How the survey was done

So she and her colleagues tried to gauge people's attitudes in an online survey of 1 049 Americans ages 18 to 75. After reading a short explanation of what "posthumous reproduction" is, close half of the respondents said they thought a person should be able to request sperm or eggs be taken from their dead or dying partner. About one-fifth said they "didn't know," while the rest were opposed.

But most people felt that should only be done if there was written consent from the deceased. Of people who supported posthumous reproduction, 70% said written consent should be mandatory.

Having mandatory written consent would, in reality, mean that most emergency requests could not be filled, Dr Barton noted. "I think our findings put into question doing the (emergency) retrieval at all," Dr Barton said.

The study, which appears online in Fertility & Sterility, also asked people what they would want for themselves. Half of respondents said they would not want sperm or eggs taken from them if they died-including 41% of respondents who were still in their reproductive years.

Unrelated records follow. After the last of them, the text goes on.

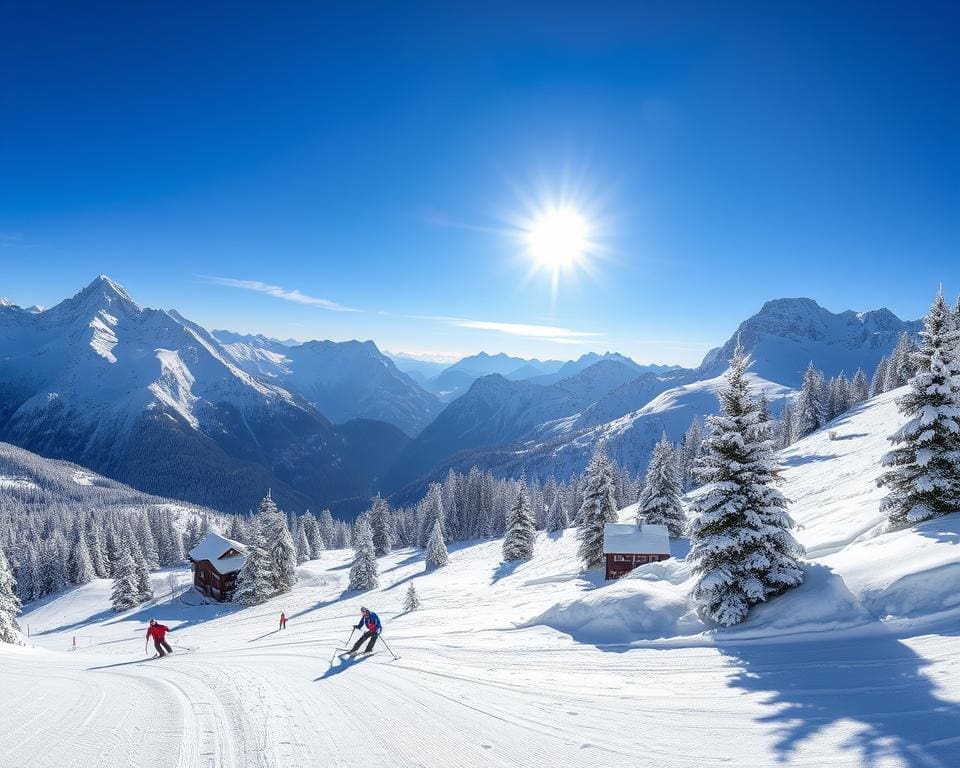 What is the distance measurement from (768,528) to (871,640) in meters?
3.69

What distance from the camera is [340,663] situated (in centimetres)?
1144

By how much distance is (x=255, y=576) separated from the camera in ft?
171

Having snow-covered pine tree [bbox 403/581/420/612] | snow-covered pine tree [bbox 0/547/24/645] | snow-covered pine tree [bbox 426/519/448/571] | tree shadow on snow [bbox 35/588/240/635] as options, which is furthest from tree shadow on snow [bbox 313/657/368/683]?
snow-covered pine tree [bbox 426/519/448/571]

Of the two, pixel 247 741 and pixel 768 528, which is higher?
pixel 768 528

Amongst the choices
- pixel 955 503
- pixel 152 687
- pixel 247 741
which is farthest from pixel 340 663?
pixel 955 503

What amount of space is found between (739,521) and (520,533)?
4417 centimetres

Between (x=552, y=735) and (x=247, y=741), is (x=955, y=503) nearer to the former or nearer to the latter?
(x=552, y=735)

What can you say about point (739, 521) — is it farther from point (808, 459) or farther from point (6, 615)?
point (808, 459)

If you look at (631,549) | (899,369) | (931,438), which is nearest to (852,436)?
(899,369)

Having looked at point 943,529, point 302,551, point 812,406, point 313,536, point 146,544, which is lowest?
point 302,551

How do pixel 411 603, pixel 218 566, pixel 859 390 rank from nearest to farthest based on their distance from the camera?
1. pixel 411 603
2. pixel 218 566
3. pixel 859 390

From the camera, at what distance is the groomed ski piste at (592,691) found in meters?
6.12

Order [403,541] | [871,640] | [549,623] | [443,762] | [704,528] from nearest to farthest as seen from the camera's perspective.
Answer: [443,762]
[871,640]
[704,528]
[549,623]
[403,541]

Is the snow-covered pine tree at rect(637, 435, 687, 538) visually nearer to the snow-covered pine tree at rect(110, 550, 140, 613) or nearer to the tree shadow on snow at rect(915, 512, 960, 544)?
the tree shadow on snow at rect(915, 512, 960, 544) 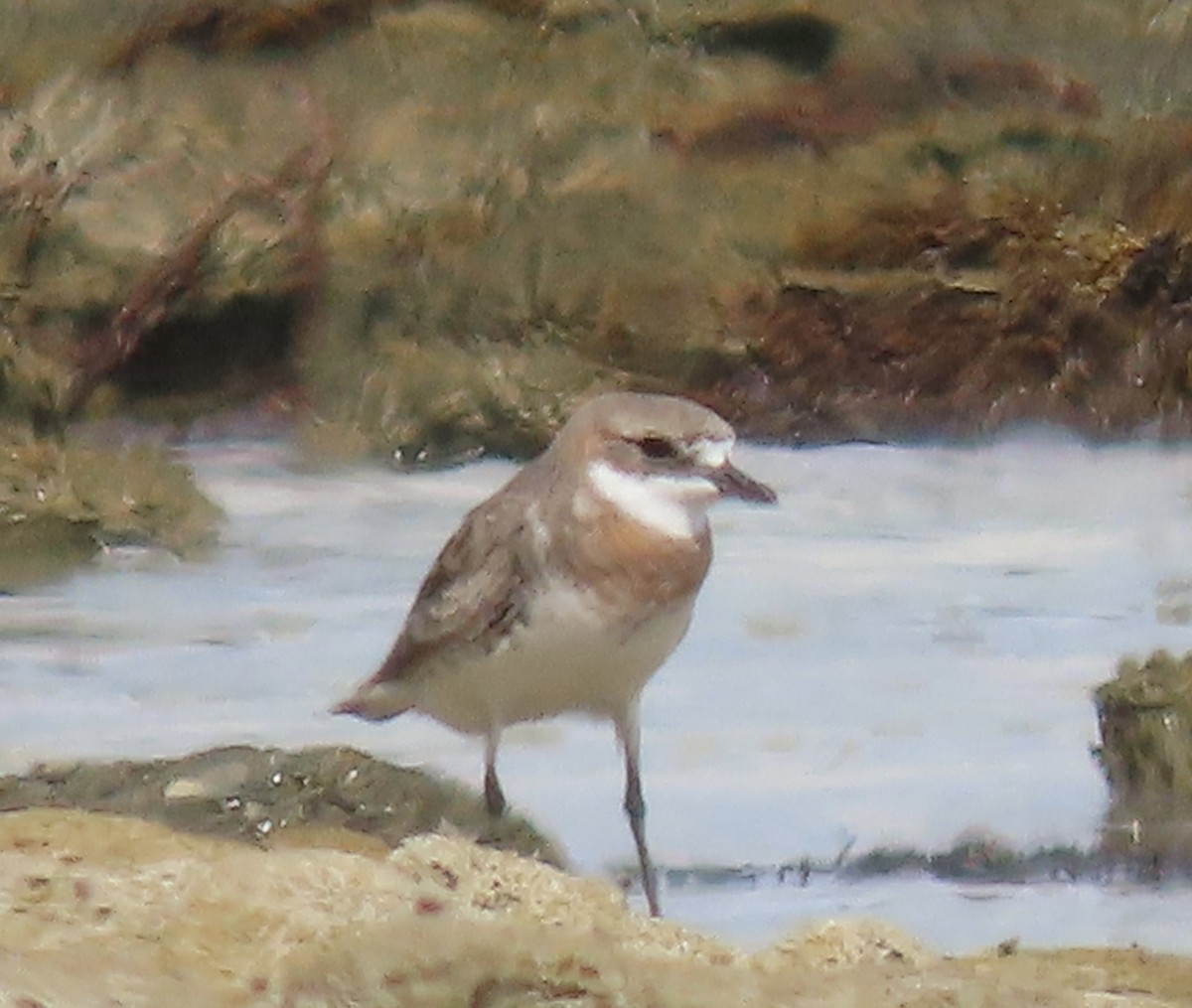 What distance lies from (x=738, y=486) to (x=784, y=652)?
3.45 feet

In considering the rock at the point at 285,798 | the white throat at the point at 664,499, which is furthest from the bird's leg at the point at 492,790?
the white throat at the point at 664,499

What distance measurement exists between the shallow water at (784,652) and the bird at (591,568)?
35 centimetres

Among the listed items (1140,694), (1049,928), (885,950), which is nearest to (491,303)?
(1140,694)

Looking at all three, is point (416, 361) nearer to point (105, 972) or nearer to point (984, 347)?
point (984, 347)

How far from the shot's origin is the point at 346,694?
479 cm

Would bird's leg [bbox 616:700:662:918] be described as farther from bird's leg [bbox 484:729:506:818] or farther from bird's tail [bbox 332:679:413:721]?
bird's tail [bbox 332:679:413:721]

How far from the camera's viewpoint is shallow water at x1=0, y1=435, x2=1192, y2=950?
4438 millimetres

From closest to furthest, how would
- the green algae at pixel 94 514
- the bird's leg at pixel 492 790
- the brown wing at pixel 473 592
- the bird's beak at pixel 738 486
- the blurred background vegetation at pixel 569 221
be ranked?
Result: the bird's beak at pixel 738 486 → the brown wing at pixel 473 592 → the bird's leg at pixel 492 790 → the green algae at pixel 94 514 → the blurred background vegetation at pixel 569 221

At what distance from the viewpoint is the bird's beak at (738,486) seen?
4.02 metres

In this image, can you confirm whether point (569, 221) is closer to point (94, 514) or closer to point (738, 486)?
point (94, 514)

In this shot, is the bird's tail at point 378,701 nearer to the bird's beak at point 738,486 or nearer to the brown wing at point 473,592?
the brown wing at point 473,592

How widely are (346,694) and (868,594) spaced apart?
107cm

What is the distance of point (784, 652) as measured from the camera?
5.04 m

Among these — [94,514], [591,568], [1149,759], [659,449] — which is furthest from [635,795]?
[94,514] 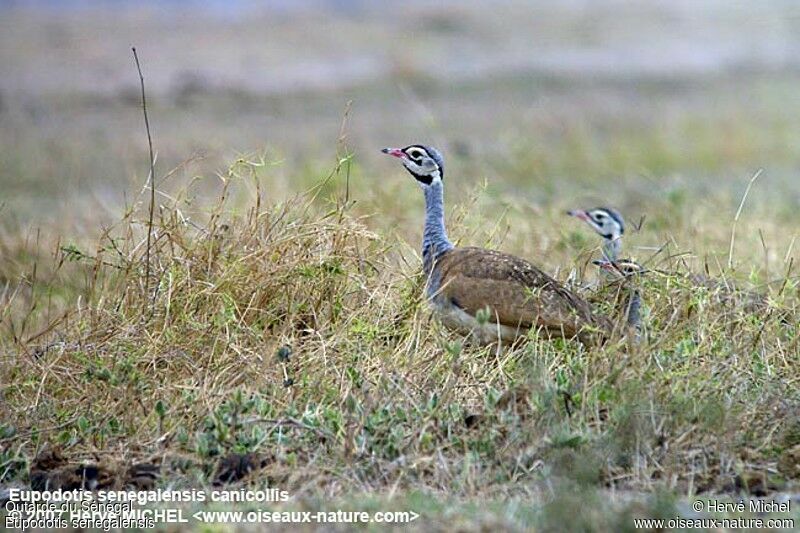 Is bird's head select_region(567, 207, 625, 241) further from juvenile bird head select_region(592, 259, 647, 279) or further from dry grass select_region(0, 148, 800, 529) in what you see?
juvenile bird head select_region(592, 259, 647, 279)

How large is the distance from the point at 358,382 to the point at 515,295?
74cm

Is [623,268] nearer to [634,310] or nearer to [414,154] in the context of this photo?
[634,310]

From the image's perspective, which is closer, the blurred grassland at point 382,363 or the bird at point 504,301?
the blurred grassland at point 382,363

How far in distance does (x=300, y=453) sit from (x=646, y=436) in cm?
125

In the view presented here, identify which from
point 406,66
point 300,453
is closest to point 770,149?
point 406,66

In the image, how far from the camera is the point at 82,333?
6.49 m

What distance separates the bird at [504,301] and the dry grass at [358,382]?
0.30ft

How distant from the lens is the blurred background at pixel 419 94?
12.8 meters

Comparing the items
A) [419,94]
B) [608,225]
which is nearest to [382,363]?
[608,225]

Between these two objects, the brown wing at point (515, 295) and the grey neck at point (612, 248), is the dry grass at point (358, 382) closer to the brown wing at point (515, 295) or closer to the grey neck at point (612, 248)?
the brown wing at point (515, 295)

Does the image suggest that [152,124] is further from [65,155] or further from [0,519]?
[0,519]

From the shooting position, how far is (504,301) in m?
6.17

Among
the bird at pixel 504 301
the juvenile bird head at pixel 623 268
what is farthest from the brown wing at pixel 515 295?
the juvenile bird head at pixel 623 268

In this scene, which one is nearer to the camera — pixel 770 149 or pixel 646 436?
pixel 646 436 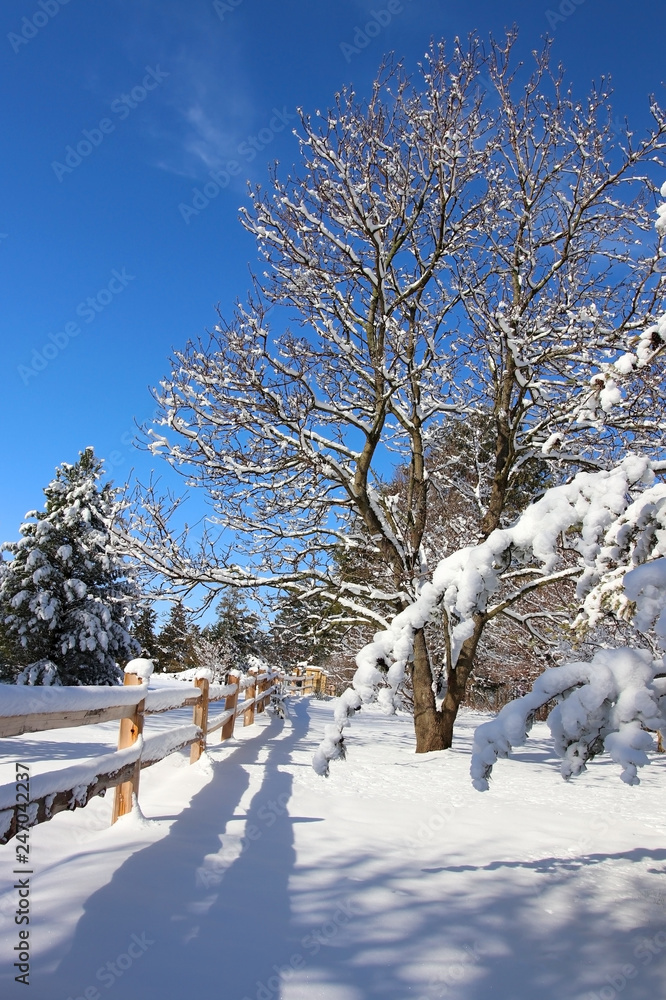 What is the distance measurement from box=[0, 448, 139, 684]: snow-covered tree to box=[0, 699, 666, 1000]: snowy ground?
15.5 metres

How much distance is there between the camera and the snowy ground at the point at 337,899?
218 centimetres

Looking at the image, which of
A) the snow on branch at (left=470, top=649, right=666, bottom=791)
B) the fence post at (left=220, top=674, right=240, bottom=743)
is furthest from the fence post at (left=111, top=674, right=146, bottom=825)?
the fence post at (left=220, top=674, right=240, bottom=743)

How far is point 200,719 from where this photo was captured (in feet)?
19.3

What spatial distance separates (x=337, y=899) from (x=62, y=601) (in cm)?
1901

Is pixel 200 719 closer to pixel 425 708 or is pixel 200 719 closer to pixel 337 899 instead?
pixel 337 899

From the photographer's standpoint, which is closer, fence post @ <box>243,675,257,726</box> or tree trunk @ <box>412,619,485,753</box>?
tree trunk @ <box>412,619,485,753</box>

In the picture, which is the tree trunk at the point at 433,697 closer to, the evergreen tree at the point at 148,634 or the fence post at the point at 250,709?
the fence post at the point at 250,709

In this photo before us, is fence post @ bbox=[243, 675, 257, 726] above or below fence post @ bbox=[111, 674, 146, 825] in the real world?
below

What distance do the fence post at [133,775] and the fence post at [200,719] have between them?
198 centimetres

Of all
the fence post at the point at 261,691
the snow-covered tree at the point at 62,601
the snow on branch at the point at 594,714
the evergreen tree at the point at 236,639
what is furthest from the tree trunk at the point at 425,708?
the snow-covered tree at the point at 62,601

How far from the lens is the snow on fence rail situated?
6.99 feet

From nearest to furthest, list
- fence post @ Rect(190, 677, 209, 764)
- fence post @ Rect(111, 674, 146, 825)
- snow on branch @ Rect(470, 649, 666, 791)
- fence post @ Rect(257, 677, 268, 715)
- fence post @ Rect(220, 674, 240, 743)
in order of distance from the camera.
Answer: snow on branch @ Rect(470, 649, 666, 791) < fence post @ Rect(111, 674, 146, 825) < fence post @ Rect(190, 677, 209, 764) < fence post @ Rect(220, 674, 240, 743) < fence post @ Rect(257, 677, 268, 715)

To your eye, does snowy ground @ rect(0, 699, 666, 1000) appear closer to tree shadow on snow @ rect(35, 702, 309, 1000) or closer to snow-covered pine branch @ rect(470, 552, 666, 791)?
tree shadow on snow @ rect(35, 702, 309, 1000)

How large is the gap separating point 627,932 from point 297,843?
1.82 metres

Dr Barton pointed out that a couple can want to have children, but that does not necessarily mean someone would want to become a parent after he or she died.

European guidelines different

Right now, the American Society for Reproductive Medicine has no specific guidelines on emergency requests for sperm or egg retrieval. But the European Society for Human Reproduction and Embryology (ESHRE) does.

It says that written consent is a must, and there should be a minimum one-year waiting period before the frozen eggs or sperm are actually used.

"The general public seems to be in line with the ESHRE," Dr. Barton said - though, on the issue of wait time, only about one-third of survey respondents thought there should be a mandatory one. The study has its limits. It was an online survey, so it may not be representative of Americans as a whole.

And most respondents had never heard of "posthumous reproduction" before the survey. It's possible that with more information, people's attitudes could shift, according to Dr Barton.

Now that people are starting to learn that emergency sperm and egg retrieval is possible, some couples may want to think about the issue. "This may be something you decide you want to talk about with your loved ones," Dr Barton said.